Handling Late-Arriving Data

Output tags in Apache Flink are particularly useful for handling late-arriving data in event-time windowed processing. By defining an OutputTag, you can redirect late events to a side output stream and handle them separately from the main data flow.

Example: Handling Late Events

final OutputTag<Event> lateEventsTag = new OutputTag<Event>("late-events"){};
 
DataStream<Event> mainStream = env.addSource(...);
 
WatermarkStrategy<Event> strategy = WatermarkStrategy
    .<Event>forBoundedOutOfOrderness(Duration.ofSeconds(10))
    .withTimestampAssigner((event, timestamp) -> event.getEventTime());
 
SingleOutputStreamOperator<Event> processedStream = mainStream
    .assignTimestampsAndWatermarks(strategy)
    .keyBy(Event::getUserId)
    .window(TumblingEventTimeWindows.of(Time.minutes(5)))
    .allowedLateness(Time.seconds(30))
    .sideOutputLateData(lateEventsTag)
    .process(new EventCountWindowFunction());
 
DataStream<Event> lateEvents = processedStream.getSideOutput(lateEventsTag);
  • Late events are stored in the lateEvents stream for separate processing, such as writing to a different sink or triggering alerts.

Error Handling and Dead Letter Queue

When processing unstructured data or complex transformations, errors may occur.
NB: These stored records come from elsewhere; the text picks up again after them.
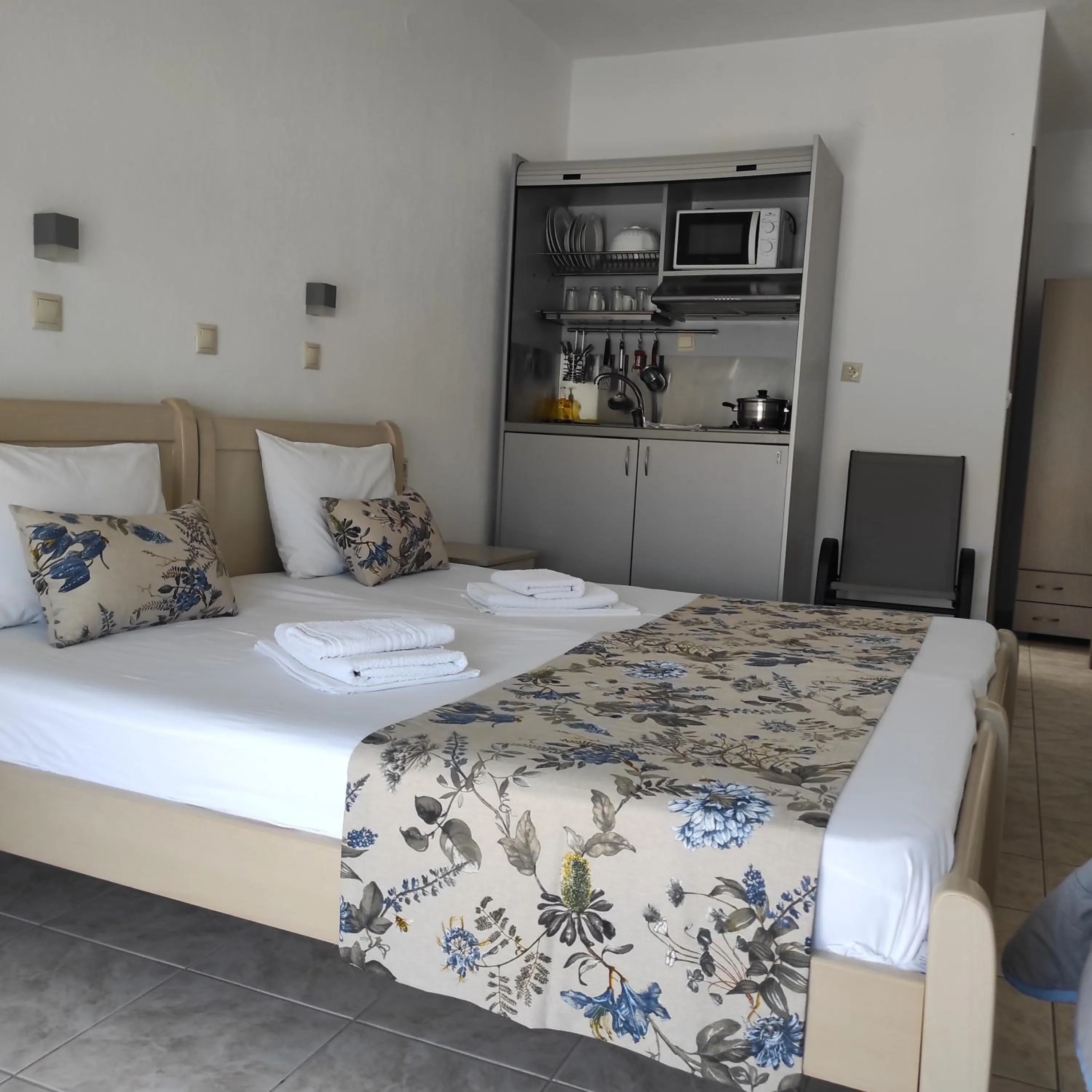Bed in RG Studios Thassos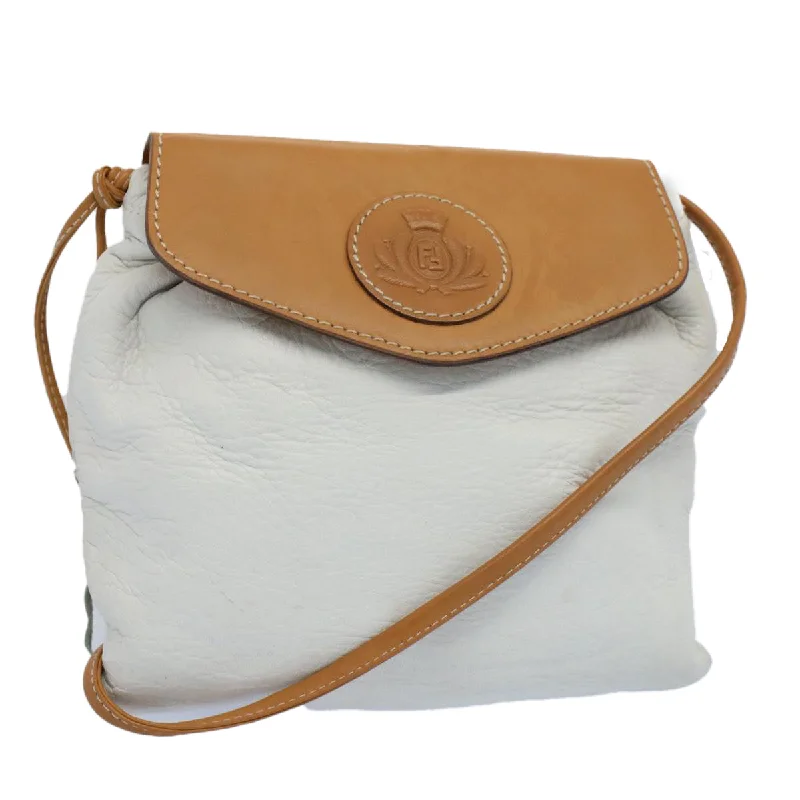 Fendi bags with a detachable camera holder for photography enthusiastsFENDI Shoulder Bag Leather White  ar10303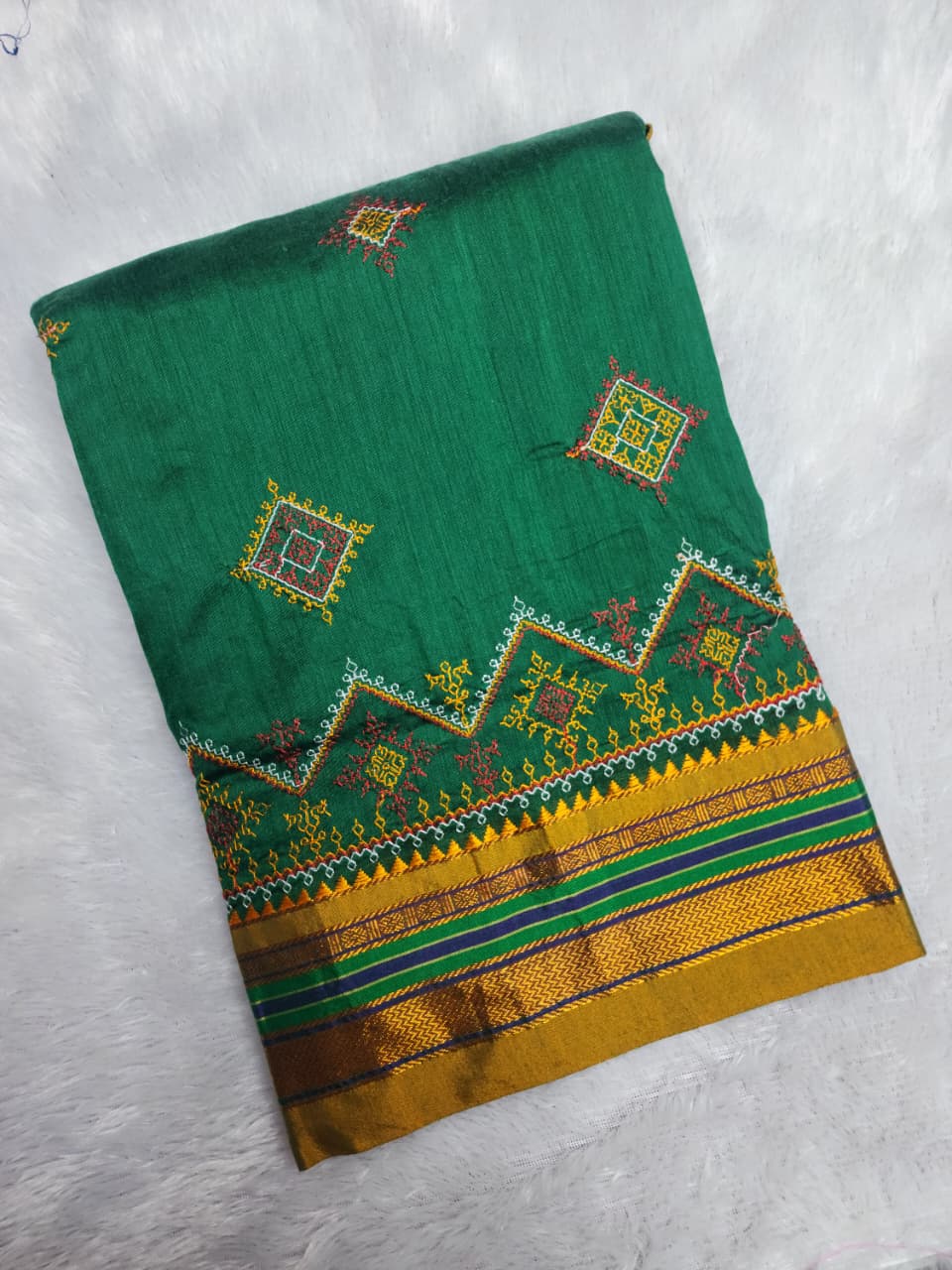 Emerald Green Ilkal Kasuti Saree with Traditional Zari Border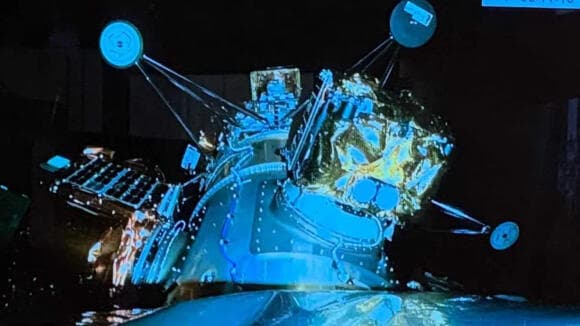 התקווה דועכת, האסטרואידים המתכתיים ימשיכו לחכות. החללית אודין מוכנה לשחרור מטיל פלקון 9, סמוך לנחת הירח אתנה של Intuitive Machines (מקור: AstroForge/SpaceX) התקווה דועכת, האסטרואידים המתכתיים ימשיכו לחכות. החללית אודין מוכנה לשחרור מטיל פלקון 9, סמוך לנחת הירח אתנה של Intuitive Machines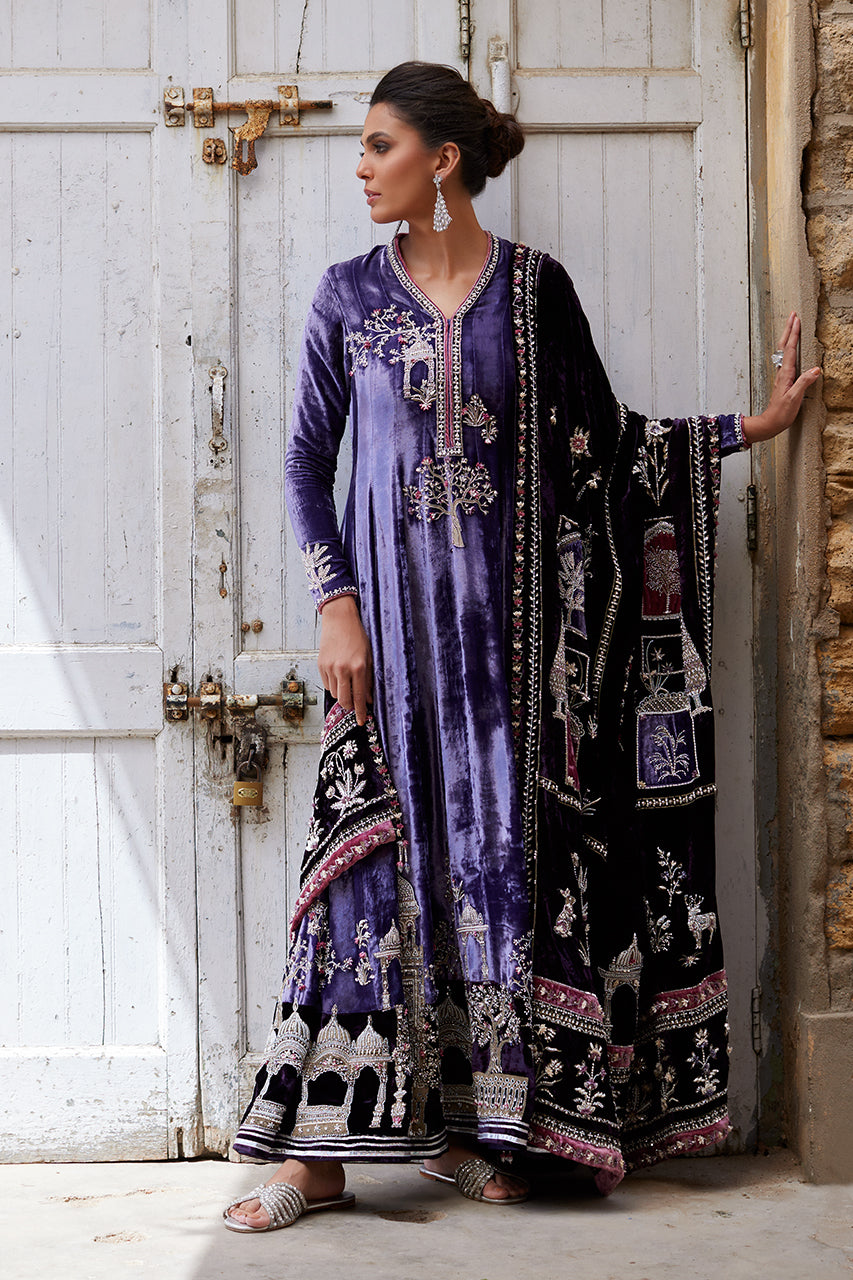 Pakistani Purple 3D Embroidered Velvet Kalidar (3-Piece) - Image 3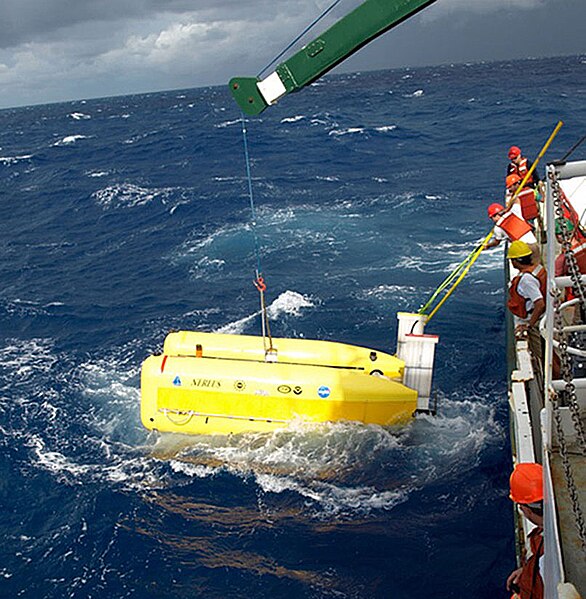File:Nereus (underwater vehicle) hydro20100720-full.jpg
Using OutputTag, invalid records can be diverted to a dead letter queue (DLQ).

final OutputTag<String> errorTag = new OutputTag<String>("error-events"){};
 
DataStream<String> validEvents = mainStream.process(new ProcessFunction<String, String>() {
    @Override
    public void processElement(String value, Context ctx, Collector<String> out) {
        try {
            if (value.contains("valid")) {
                out.collect(value);
            } else {
                throw new IllegalArgumentException("Invalid data");
            }
        } catch (Exception e) {
            ctx.output(errorTag, value);
        }
    }
});
 
DataStream<String> errorEvents = validEvents.getSideOutput(errorTag);
  • The errorTag identifies invalid records, which can be stored separately or reviewed manually.

Stream Branching for A/B Testing

A/B testing often requires splitting a stream based on experimental groups. Output tags allow you to dynamically route events to different branches.

final OutputTag<Event> groupATag = new OutputTag<Event>("group-a"){};
final OutputTag<Event> groupBTag = new OutputTag<Event>("group-b"){};
 
DataStream<Event> processedStream = mainStream.process(new ProcessFunction<Event, Event>() {
    @Override
    public void processElement(Event event, Context ctx, Collector<Event> out) {
        if (event.getGroup().equals("A")) {
            ctx.output(groupATag, event);
        } else if (event.getGroup().equals("B")) {
            ctx.output(groupBTag, event);
        } else {
            out.collect(event);
        }
    }
});
 
DataStream<Event> groupAEvents = processedStream.getSideOutput(groupATag);
DataStream<Event> groupBEvents = processedStream.getSideOutput(groupBTag);
  • This approach allows parallel experimentation, with different logic applied to each group.

Separating High and Low Priority Events

In real-time processing, some events may need immediate attention while others can be processed asynchronously. By tagging high-priority events, you can create a fast lane in your data pipeline.

final OutputTag<Event> highPriorityTag = new OutputTag<Event>("high-priority"){};
 
DataStream<Event> processedStream = mainStream.process(new ProcessFunction<Event, Event>() {
    @Override
    public void processElement(Event event, Context ctx, Collector<Event> out) {
        if (event.isHighPriority()) {
            ctx.output(highPriorityTag, event);
        } else {
            out.collect(event);
        }
    }
});
 
DataStream<Event> highPriorityEvents = processedStream.getSideOutput(highPriorityTag);
  • High-priority events can be processed in a low-latency sink, while normal events remain in the main processing flow.

Summary

Output tags in Apache Flink provide a powerful mechanism for branching data streams, enabling scenarios like handling late data, error management, A/B testing, and priority routing. By using side outputs, complex streaming pipelines can be optimized and simplified, ensuring that special cases do not interfere with primary processing logic.